Expose invisible reordering characters
Unicode has a set of bidirectional (BiDi) control characters that silently
change the visual order of text — essential for mixing right-to-left scripts like
Arabic and Hebrew with left-to-right Latin, but dangerous when abused. A single
Right-to-Left Override (U+202E) can make gpj.exe display as exe.jpg, or make
source code render differently from how it is stored (the “Trojan Source”
attack). This inspector finds every such character, names it, and shows where it
sits.
How it works
The tool scans the input code point by code point and checks each against the
complete set of Unicode bidirectional formatting and override controls:
LRM U+200E, RLM U+200F, ALM U+061C, LRE U+202A, RLE U+202B, PDF
U+202C, LRO U+202D, RLO U+202E, and the isolates LRI U+2066, RLI
U+2067, FSI U+2068, PDI U+2069. Each match is reported with its standard
name, its U+XXXX value and its index in the string. The inline view replaces
each control with a visible labelled marker so you can see exactly where the
reordering is injected, and a “stripped” output removes them all.
Example
A filename stored as invoicegpj.exe (with an RLO before gpj.exe)

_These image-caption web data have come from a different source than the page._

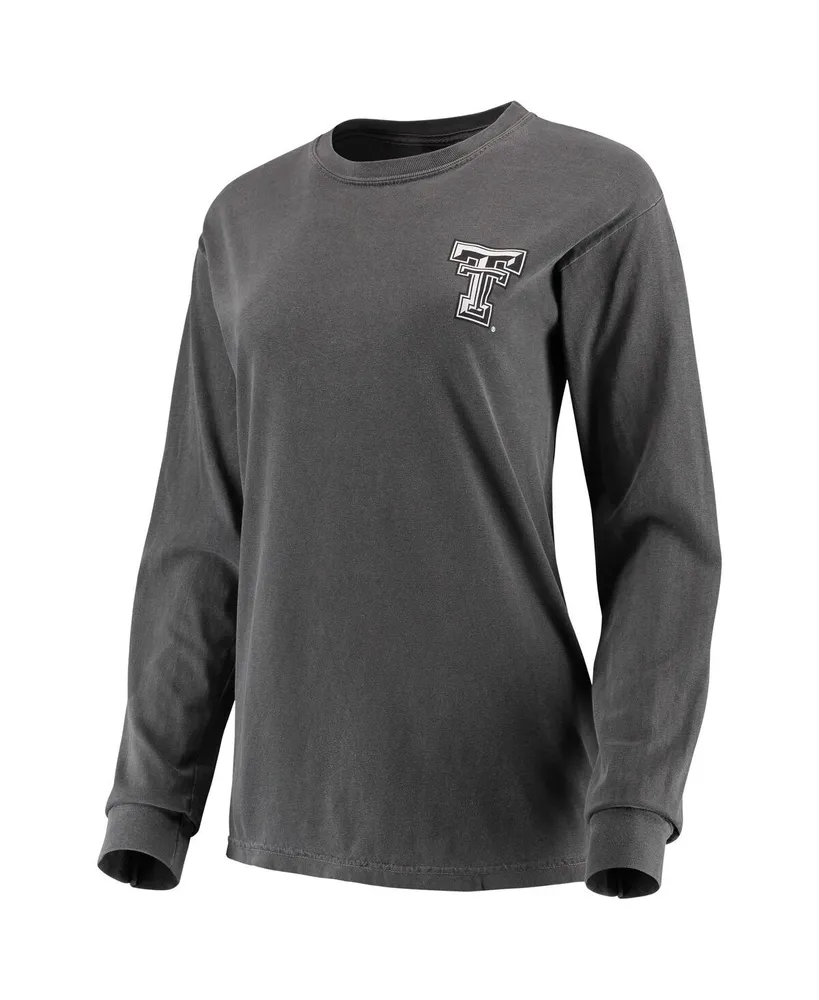 Women's Charcoal Texas Tech Red Raiders Comfort Colors Campus Skyline Long Sleeve Oversized T-shirt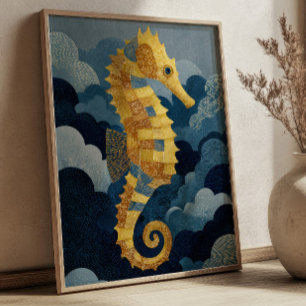Navy Blau & Gold Seepferdchen Kintsugi Nautical Ku Poster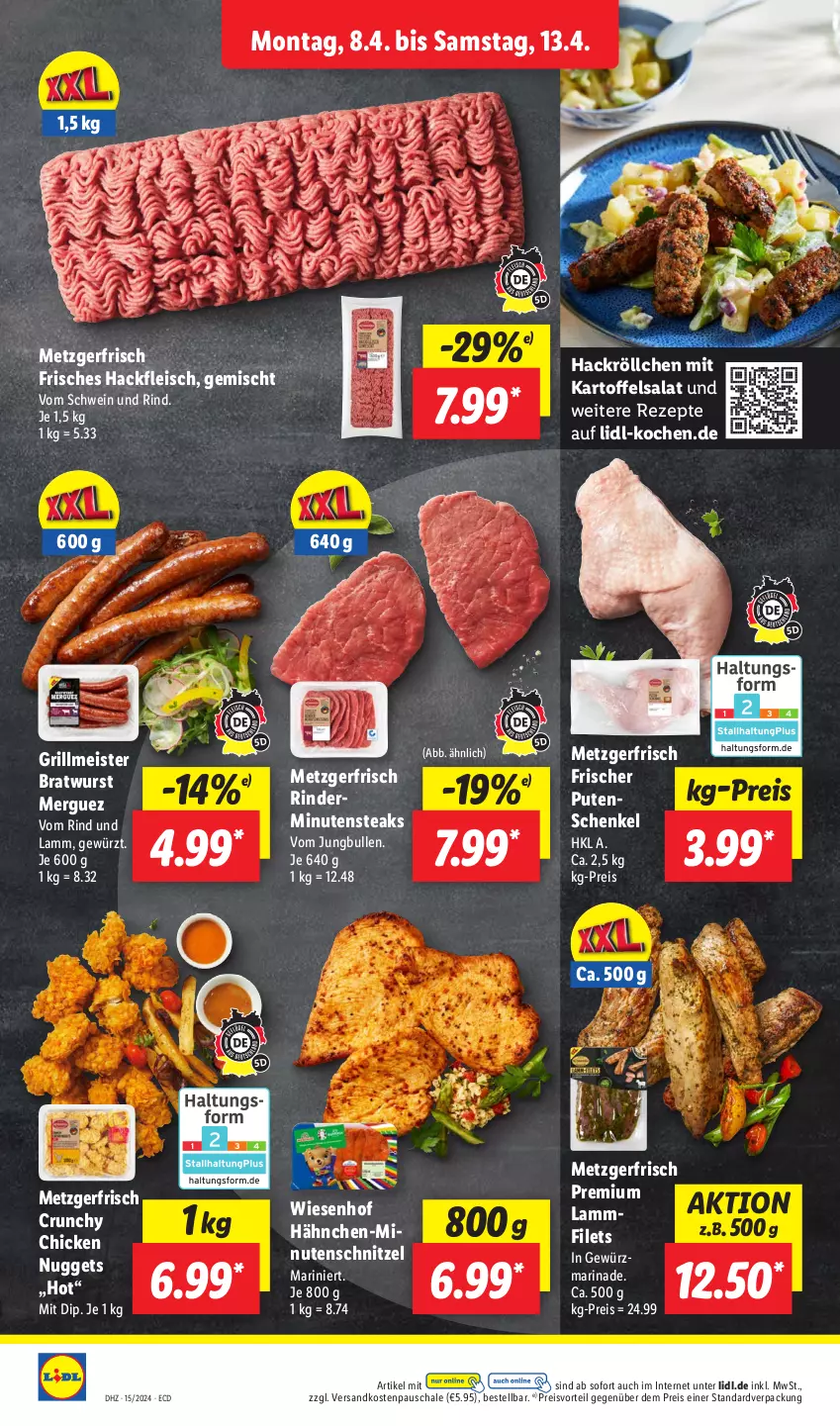 Aktueller Prospekt Lidl - Aktionsprospekt - von 08.04 bis 13.04.2024 - strona 4 - produkty: bratwurst, chicken nuggets, dip, eis, filet, filets, fleisch, gewürz, grill, hackfleisch, henkel, jungbullen, kartoffel, kartoffelsalat, lamm, Lammfilets, marinade, Meister, minutenschnitzel, minutensteaks, ndk, nuggets, preisvorteil, pute, reis, rezept, rezepte, rind, rinder, salat, Schal, Schale, schenkel, schnitzel, schwein, schwein und rind, steak, steaks, Ti, vom schwein und rind, wein, wiesenhof, wurst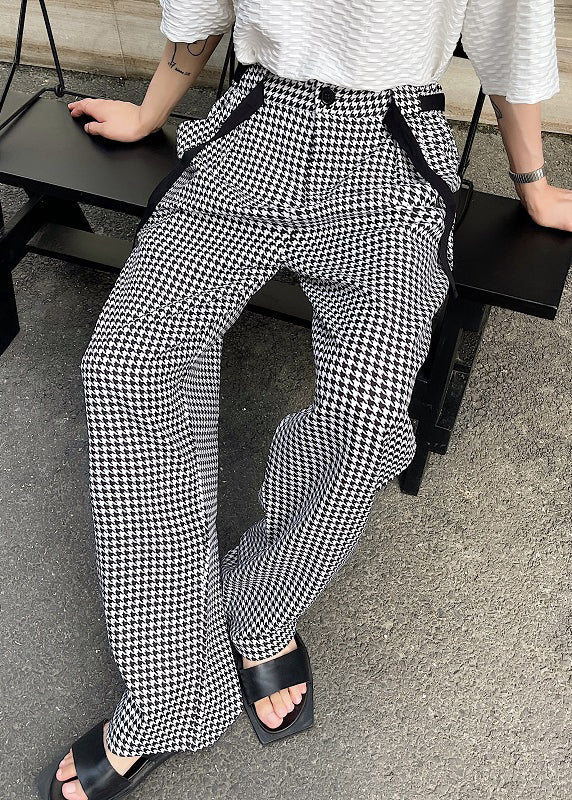 Black Oversized Plaid Cotton Pants Clothing Spring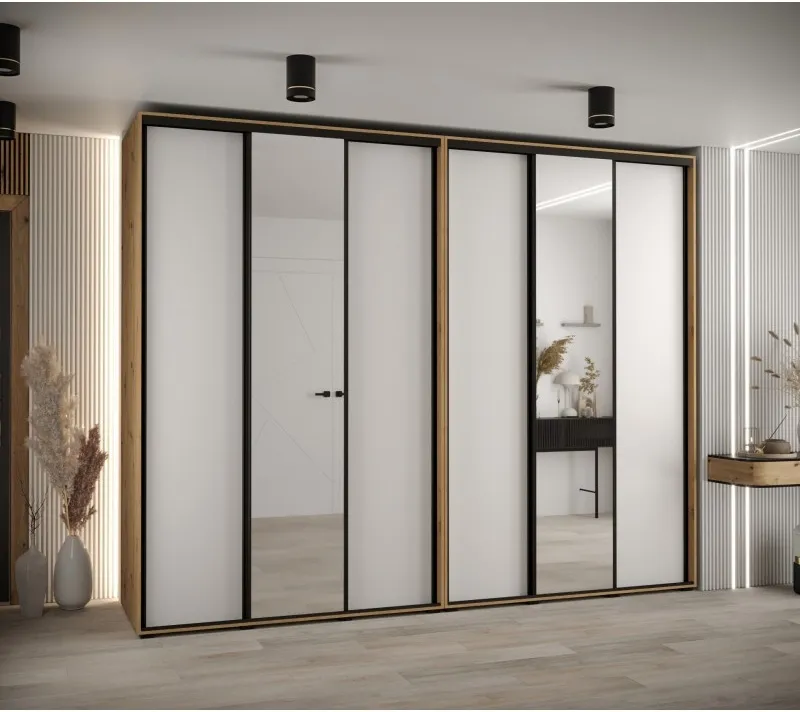 Vysoká šatní skříň s posuvnými dveřmi Davos 3 300, hloubka 60 cm, výška 235,2 cm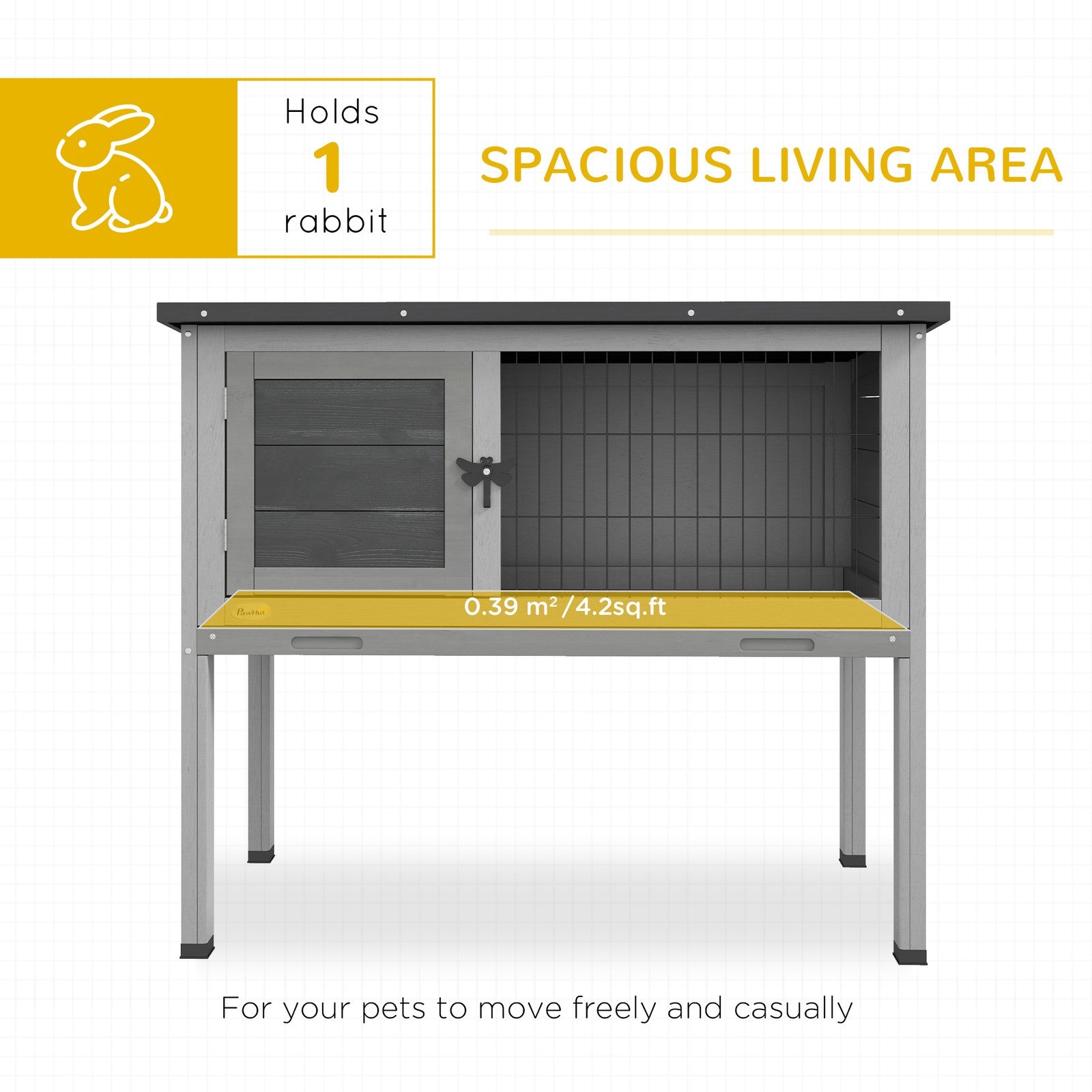 Guinea Pig Hutch, Wooden Small Animal Cage W/ Slide-Out Tray & Open Roof, Grey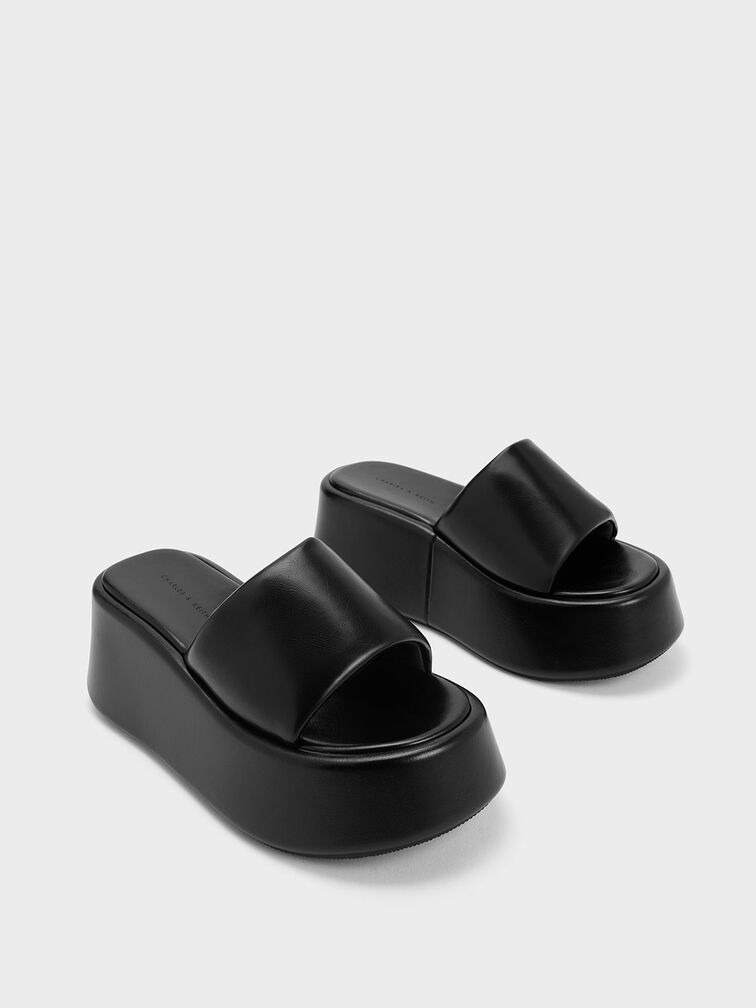 Constance Flatform Sandals, Black, hi-res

renders to the eye as invoiceexe.jpg. The inspector flags one character — RLO
(U+202E) at the override position — making it obvious the file is really a .exe.
Tips and notes
- Code hosting platforms now warn about BiDi characters in diffs; this tool lets you check a snippet or filename before you trust it.
- The PDF (
U+202C) and PDI (U+2069) characters close an override or isolate; an unbalanced override with no matching close is a strong red flag.